The authors concluded that African dwarf frogs were the source of this nationwide pediatric predominant outbreak. They recommended that pediatricians should routinely inquire about pet ownership and advise families about illness risks associated with animals.

The California breeder linked to the outbreak briefly suspended distribution and cooperated with authorities. The CDC advises washing hands after touching the frogs' aquarium water and says young children should not clean aquariums. Wear gloves when handling the animal or its feces. Good hand washing is important.


About salmonella:

  • Salmonella enterocolitis is one of the most common types of food poisoning. It occurs when you swallow food or water that is contaminated with the salmonella bacteria. Any food can become contaminated if food preparation conditions and equipment are unsanitary.

You are more likely to get this type of infection if you have:

  • Eaten improperly prepared or stored food (especially undercooked turkey or chicken, unrefrigerated turkey dressing, undercooked eggs)
  • Family members with recent salmonella infection
  • Had a recent family illness with gastroenteritis
  • Been in an institution
  • Eaten chicken recently
  • In addition to amphibians, a pet iguana or other lizards, turtles, or snakes (reptiles are carriers of salmonella)
  • A weakened immune system
  • Approximately 40,000 people develop salmonella infection in the United States each year. Most patients are younger than 20. The highest rate occurs from July through October.

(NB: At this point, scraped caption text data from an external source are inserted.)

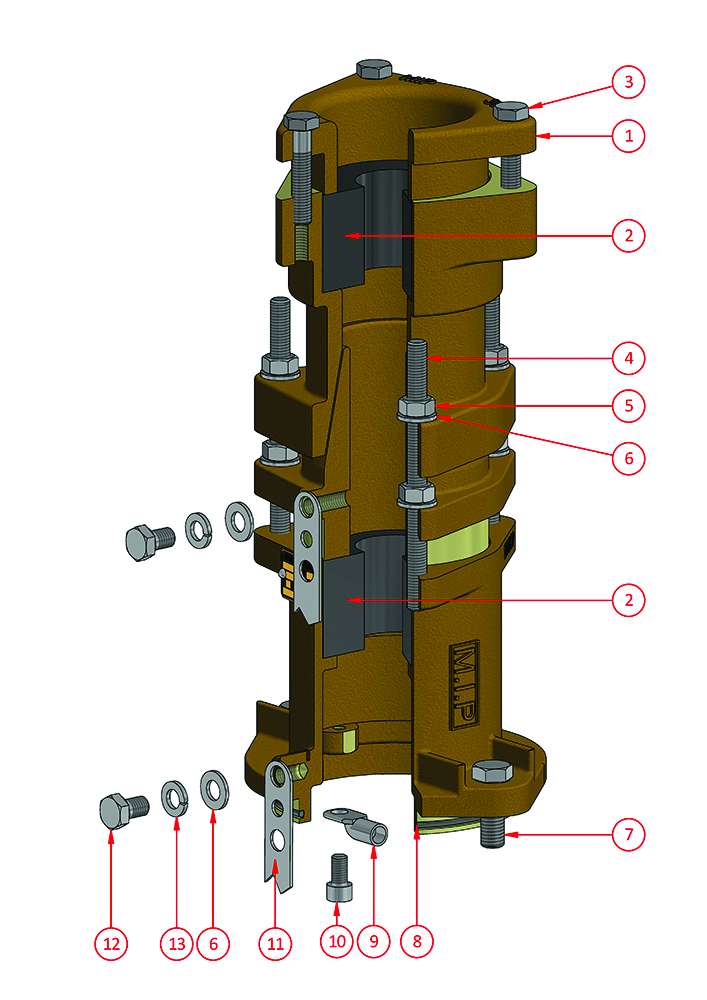 Other view of minto F-4088A Gland Armoured No.3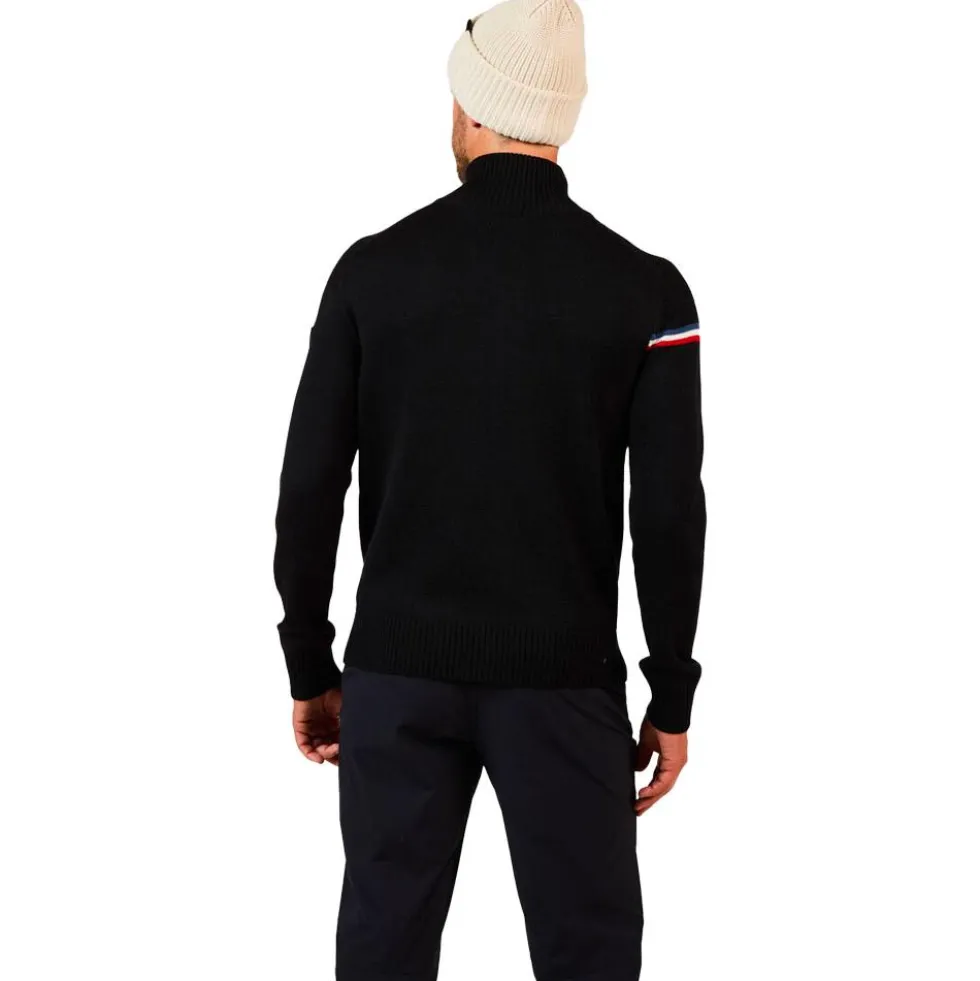 Maglione Rossignol Odysseus Full Zip Merino Black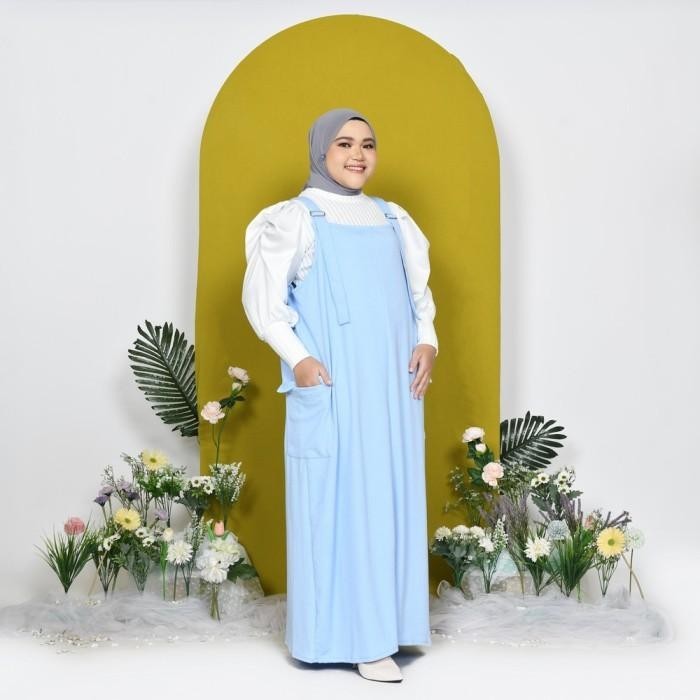 Mybamus Dania Overall Cargo Dress Jumbo Sky Blue R59S4 M18556 (XXL) Best Seller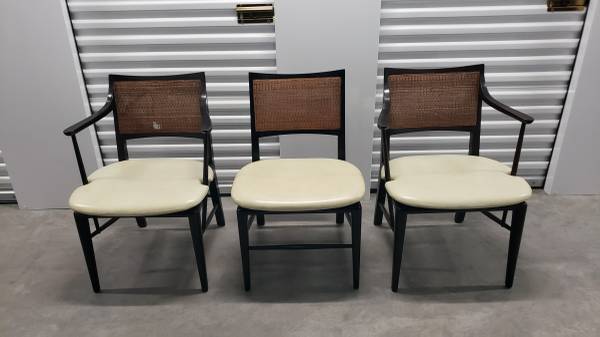 Three Edward Wormley for Dunbar chairs 1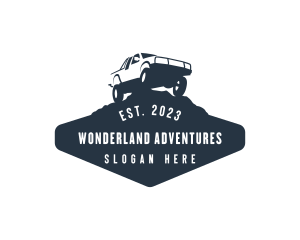 Offroad Driving Truck logo design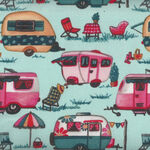 Caravaning From Stof French Fabric 62"(156cms) Wide LSA752 001.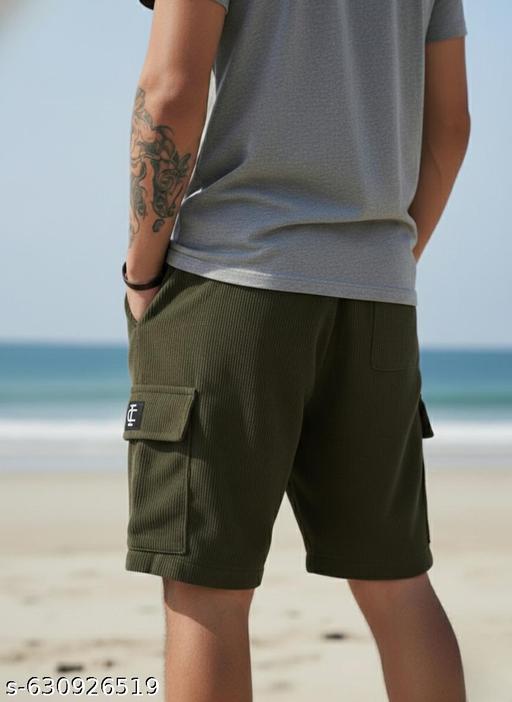 INDICLUB Men Self Design Codroy Shorts - WYNAMIX store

The time between infection and symptom development is 8 - 48 hours. Symptoms include:

  • Abdominal pain or cramping or tenderness
  • Chills
  • Diarrhea
  • Fever
  • Muscle pain
  • Nausea
  • Vomiting


  • The goal of treatment is to replace fluids and electrolytes lost by diarrhea. Electrolyte solutions are available without a prescription. Antidiarrheal medications are generally not given because they may prolong the infection. If you have severe symptoms, your doctor may prescribe antibiotics. People with diarrhea who are cannot drink anything due to nausea may need medical attention and intravenous fluids. This is especially true for small children. Fever and aches can be treated with acetaminophen or ibuprofen.
  • If you take diuretics, you may need to stop taking them during the acute episode, when diarrhea is present. Ask your health care provider for instructions.
  • Changing your diet while you have diarrhea may help reduce symptoms. This may include avoiding milk products and following a BRAT diet. BRAT stands for bananas, rice, applesauce, and toast. These are binding foods that make the stools firmer.
  • Infants should continue to breastfeed and receive electrolyte replacement solutions as directed by your healthcare provider.

Expectations (prognosis)

  • The outcome is usually good. In otherwise healthy people, symptoms should go away in 2 - 5 days.
  • The acute illness lasts for 1 - 2 weeks. The bacteria are shed in the feces for months in some treated patients.
  • Some people who shed the bacteria have a carrier state for 1 year or more after the infection.


  • Dehydration from diarrhea, especially in young children and infants, is a dangerous complication. Life-threatening meningitis and septicemia may also occur. Food handlers who become carriers can pass the infection along to the people who eat their food.